Há também as renováveis, como a eólica e a solar, que são intermitentes. A eólica produz entre 45 e 50% do tempo, e é muito difícil modelar quando a geração será interrompida por falta de vento. A solar produz durante as horas do dia em que há sol, na média algo entre 22 e 25% do tempo. Um detalhe: as fontes renováveis, que em 2005 tinham participação quase nula na matriz elétrica, atingirão mais de 25% já em 2025 e podem passar de 45% em 2030.

A completar tudo isso há ainda as termelétricas convencionais (gás natural, óleo diesel, óleo combustível e carvão). O uso delas é função do custo do combustível. As usinas a gás, nos EUA, operam na base, mas é evento economicamente inviável no Brasil. As térmicas a óleo são usadas apenas em situações muito excepcionais – no máximo 800 horas/ano.

Mas onde entra o mercado de reserva de capacidade, motivo do “erro gravíssimo”? A complexa operação de um sistema elétrico é explicada pela necessidade de “adaptar” ou tornar confiável a oferta de um produto cujo mix de fontes possui características bem distintas, como a intermitência (das renováveis) e a sazonalidade (das hidrelétricas).
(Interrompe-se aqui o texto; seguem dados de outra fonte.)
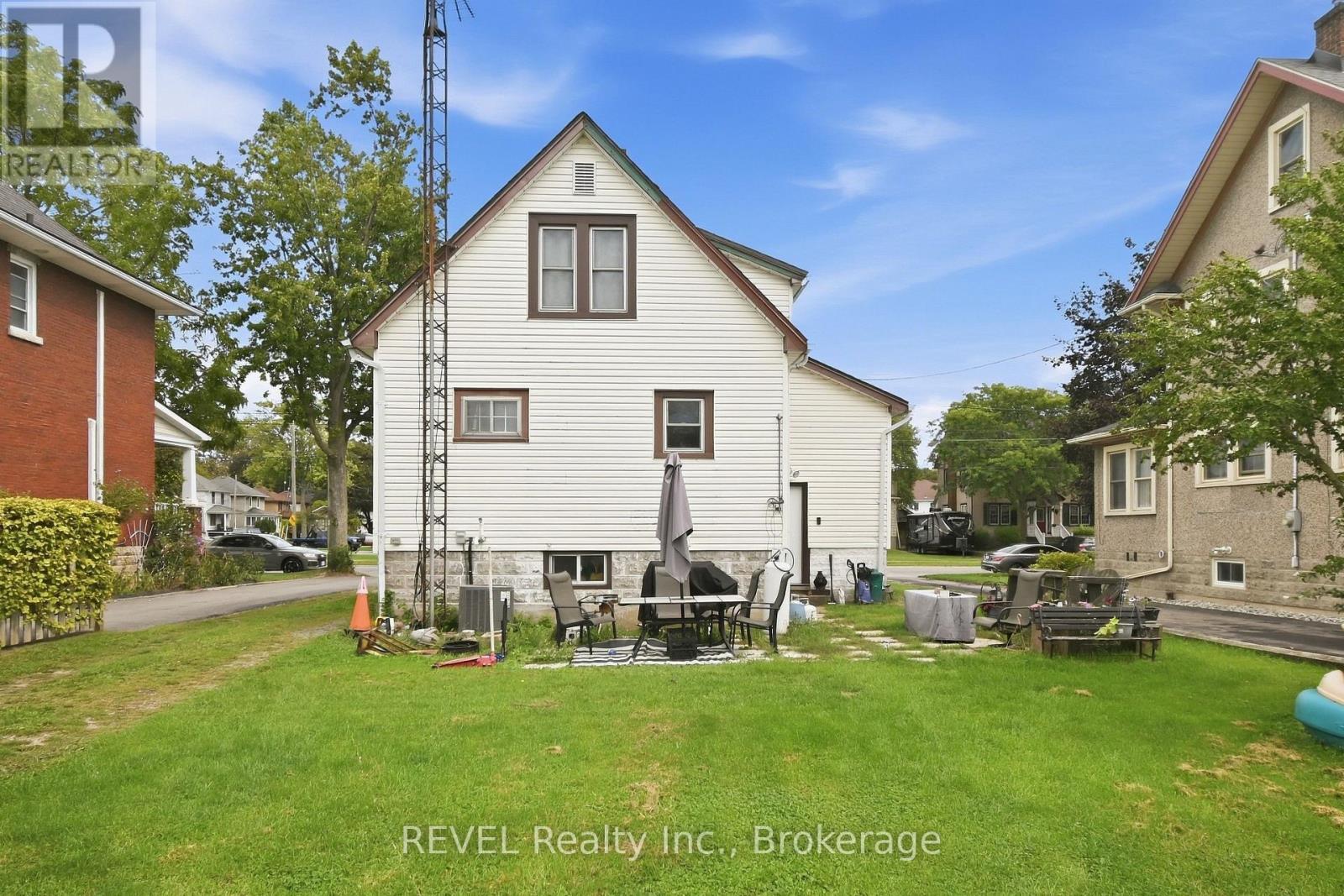 116 Steele Street, Port Colborne (Sugarloaf), ON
E tudo isso deve ser adequado a uma demanda que pode mudar instantaneamente.

Há, portanto, um risco implícito do lado da oferta. Assim, para mantê-la confiável, é prudente protegê-la com uma reserva, uma reserva de capacidade. É como se, para assegurar o atendimento da demanda, dadas as características da oferta, seja necessário um seguro. É por isso que o mercado de reserva de capacidade é também conhecido como mercado de confiabilidade.

Com efeito, no leilão realizado em dezembro de 2021 foram contratadas usinas a gás natural e a óleo diesel, algumas com preços acima de R$ 600/MWh, que parece elevado. Acho que foi nisso que pensou o ministro que descobriu o “erro gravíssimo”. Tais usinas, como qualquer seguro, operarão em situações muito excepcionais, numa média de 200 horas/ano. Assim, se forem contratados 1.000 MW médios, a receita anual das usinas seria R$ 6,3 bilhões. Contudo, o custo para os consumidores é da ordem de R$ 9/MWh. Parece razoável pagar 1,5% da tarifa por um seguro que tornará a oferta mais confiável.

Muitos já o praticam. Os hospitais, shopping centers, grandes hotéis e supermercados, mesmo que recebam energia da rede, mantêm, como reserva, seus geradores a diesel, e pagam por isso, ainda que não os utilizem.

O que achas? É possível usar os mais de 26.000 MW de hidrelétricas da Eletrobras como reserva de capacidade? Claro que não. As hidrelétricas operam na base. Fornecem muita flexibilidade para a construção da oferta, e devem ganhar por isso. Mas não significa que os ativos correspondentes devem ser assim precificados, tampouco que a reserva de capacidade venha a configurar um novo mercado. Longe disso.

Na prática, aceitar a descoberta do ministro do TCU seria a mesma coisa que precificar o caminhão a partir do custo do seu pneu reserva. Isto, sim, é um erro gravíssimo.

Por sorte e, por que não dizer, coragem dos demais ministros do TCU, o setor elétrico escapou de mais um vexame. No final, tudo não passou de um lero-lero conceitual. Mas há lero-leros que pegam, como a herança maldita, mais antiga, e a taxação do Sol, bem mais recente. Por isso são perigosos. E danosos.

Edvaldo Santana é doutor em engenharia de produção e ex-diretor da Aneel.